One further step down the rung is the idea that filters themselves can replace naturally occurring meteorological events - i.e. a "fog" filter, whether on camera or in post/editing, compared to natural (or man-made on location) fog. Filters, whether on camera or in post, may seem to simulate fog, but what occurs with regular fog is physically very different optically: the closer to the camera the subject appears, the less accumulated atmospheric haze is seen; the farther away, the more "foggy" the subject appears. So the idea of creating fog in camera or in post is at best a bad workaround. The same can be said with post effect filters like "diffusion" and "grain" - while useful tools in post, IMHO it is always more gratifying and effective to capitalize on the abilities (or idiosyncrasies) of your camera and the available light (and, of course, the filters on hand). These, to me, are your primary creative tools. Post/editing are secondary tools - to compensate for errors or to push an image to limits not attainable optically on location.

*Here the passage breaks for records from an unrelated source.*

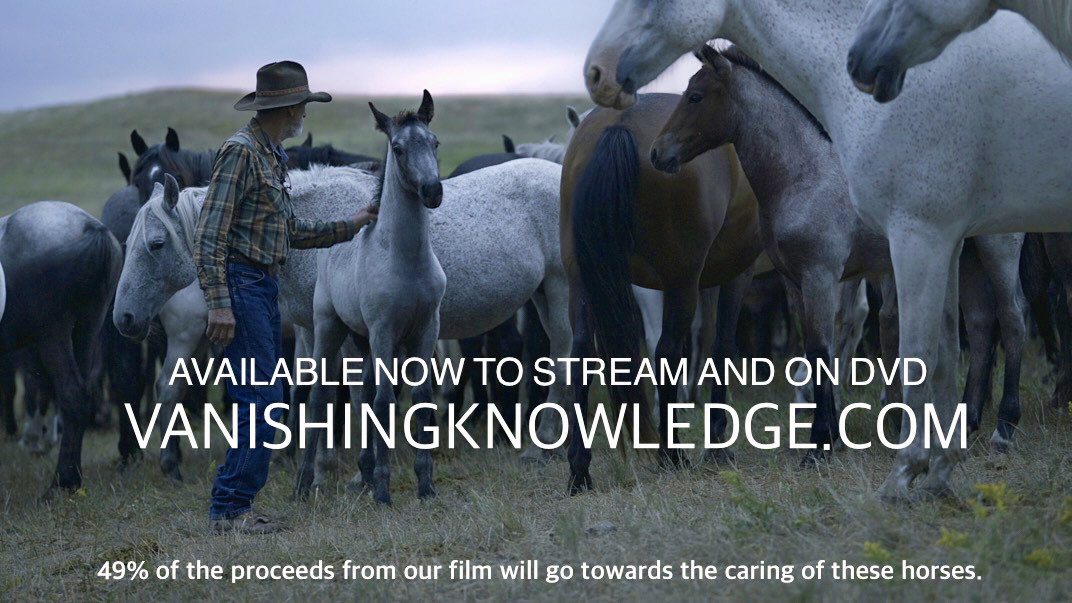 ejazkhanphotos's tweet photo. When time is on the line, sacrifices are need to be made. ❤️🐴

49% of the proceeds from our film
will go towards the caring of these amazing horses.

Get your DVD now before they are gone at https://t.co/wmZn2vdCst

#horseprotection #newmovies 
#horsetherapy #horseowners #dvds https://t.co/b9ZheCoI9J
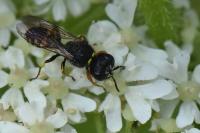 Ectemnius continuus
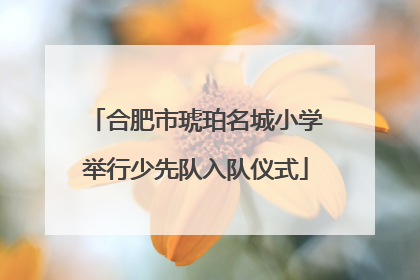 合肥市琥珀名城小学举行少先队入队仪式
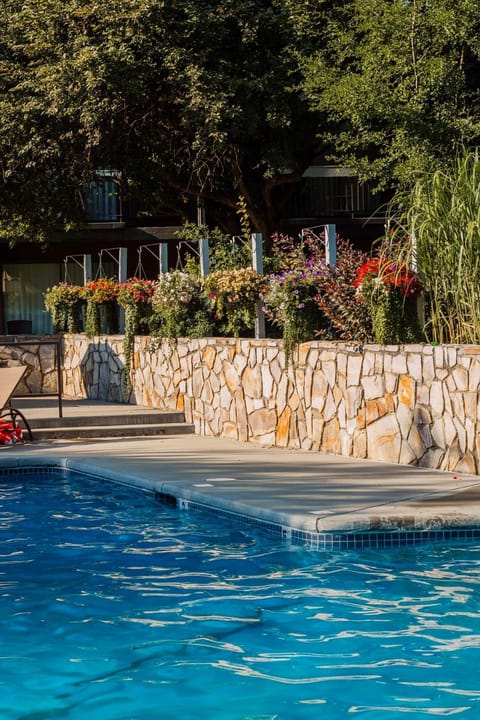 Pool view, Swimming pool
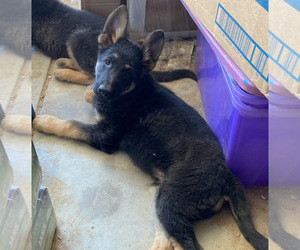 German Shepherd Dog Puppy for sale in APPLE VALLEY, CA, USA
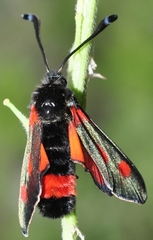 Zygaena sarpedon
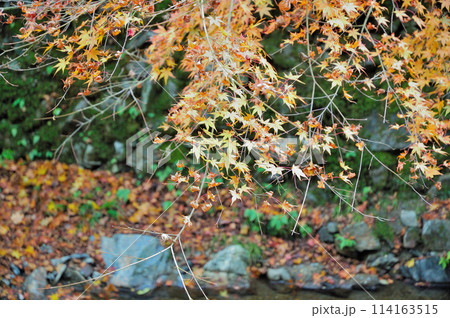 真っ真っ赤な紅葉.もみじ.神社赤な紅葉.もみじ.神社 114163515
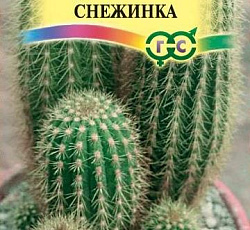 Эспостоа (кактус) удивительная Снежинка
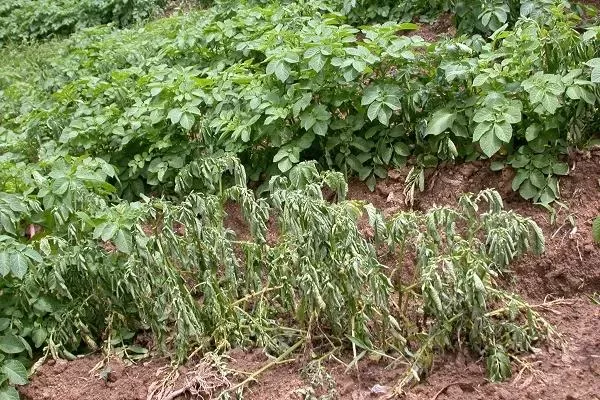 болезни и вредители картофеля Манифест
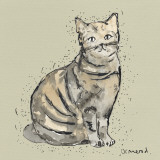 Kitty Tales I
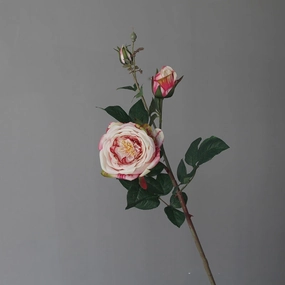 Rose Artificial Silk Flowers Stem ROSE077-078,dried artificial flower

So for me an ideal workflow (in order of occurrence but also of importance) is:

-choose a subject
-visualize what you want to do with it (thanks to monsieur Adams   )
-choose your filters, iso/filmstock,and exposure
-click the damn shutter!
-and finally adjust in post to complete that part of your vision unattainable optically or with the available light in post editing


...And that's my rant. Sorry, felt like waxing pedantic. I really am a fun guy, i swear!   (but a noobie here, so forgive the enthusiasm!)

Cheers,

jbarrettash


----------